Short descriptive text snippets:
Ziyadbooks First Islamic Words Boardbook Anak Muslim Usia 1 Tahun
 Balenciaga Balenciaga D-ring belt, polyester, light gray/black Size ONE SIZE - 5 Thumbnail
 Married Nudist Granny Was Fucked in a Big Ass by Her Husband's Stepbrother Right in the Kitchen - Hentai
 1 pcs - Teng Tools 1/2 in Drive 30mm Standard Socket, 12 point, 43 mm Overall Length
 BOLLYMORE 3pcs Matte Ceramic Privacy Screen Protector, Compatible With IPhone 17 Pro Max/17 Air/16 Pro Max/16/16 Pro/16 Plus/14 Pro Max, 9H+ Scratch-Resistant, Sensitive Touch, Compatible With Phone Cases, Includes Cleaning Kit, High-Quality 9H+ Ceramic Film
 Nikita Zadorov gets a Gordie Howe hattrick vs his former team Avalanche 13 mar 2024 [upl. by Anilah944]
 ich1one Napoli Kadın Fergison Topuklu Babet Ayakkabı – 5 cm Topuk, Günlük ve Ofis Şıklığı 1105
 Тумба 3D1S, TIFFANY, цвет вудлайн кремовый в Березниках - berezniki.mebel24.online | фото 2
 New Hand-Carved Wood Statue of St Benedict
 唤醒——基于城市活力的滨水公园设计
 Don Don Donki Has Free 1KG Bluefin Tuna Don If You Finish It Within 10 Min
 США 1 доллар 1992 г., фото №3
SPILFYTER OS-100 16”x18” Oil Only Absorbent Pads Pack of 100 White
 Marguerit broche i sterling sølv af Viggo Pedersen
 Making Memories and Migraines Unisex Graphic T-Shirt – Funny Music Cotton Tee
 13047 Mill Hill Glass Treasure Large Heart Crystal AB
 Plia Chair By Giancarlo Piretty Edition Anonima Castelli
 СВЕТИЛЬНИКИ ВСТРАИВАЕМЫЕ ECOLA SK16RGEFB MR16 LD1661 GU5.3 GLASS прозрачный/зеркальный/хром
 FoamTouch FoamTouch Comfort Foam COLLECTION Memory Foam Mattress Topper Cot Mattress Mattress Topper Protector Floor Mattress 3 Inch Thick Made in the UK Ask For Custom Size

DIRECTIONS: Repeat the line containing "Тумба 3D1S, TIFFANY, цвет" and all subsequent lines through the final line of the data, exactly and with no others.

SOLUTION:
 Тумба 3D1S, TIFFANY, цвет вудлайн кремовый в Березниках - berezniki.mebel24.online | фото 2
 New Hand-Carved Wood Statue of St Benedict
 唤醒——基于城市活力的滨水公园设计
 Don Don Donki Has Free 1KG Bluefin Tuna Don If You Finish It Within 10 Min
 США 1 доллар 1992 г., фото №3
SPILFYTER OS-100 16”x18” Oil Only Absorbent Pads Pack of 100 White
 Marguerit broche i sterling sølv af Viggo Pedersen
 Making Memories and Migraines Unisex Graphic T-Shirt – Funny Music Cotton Tee
 13047 Mill Hill Glass Treasure Large Heart Crystal AB
 Plia Chair By Giancarlo Piretty Edition Anonima Castelli
 СВЕТИЛЬНИКИ ВСТРАИВАЕМЫЕ ECOLA SK16RGEFB MR16 LD1661 GU5.3 GLASS прозрачный/зеркальный/хром
 FoamTouch FoamTouch Comfort Foam COLLECTION Memory Foam Mattress Topper Cot Mattress Mattress Topper Protector Floor Mattress 3 Inch Thick Made in the UK Ask For Custom Size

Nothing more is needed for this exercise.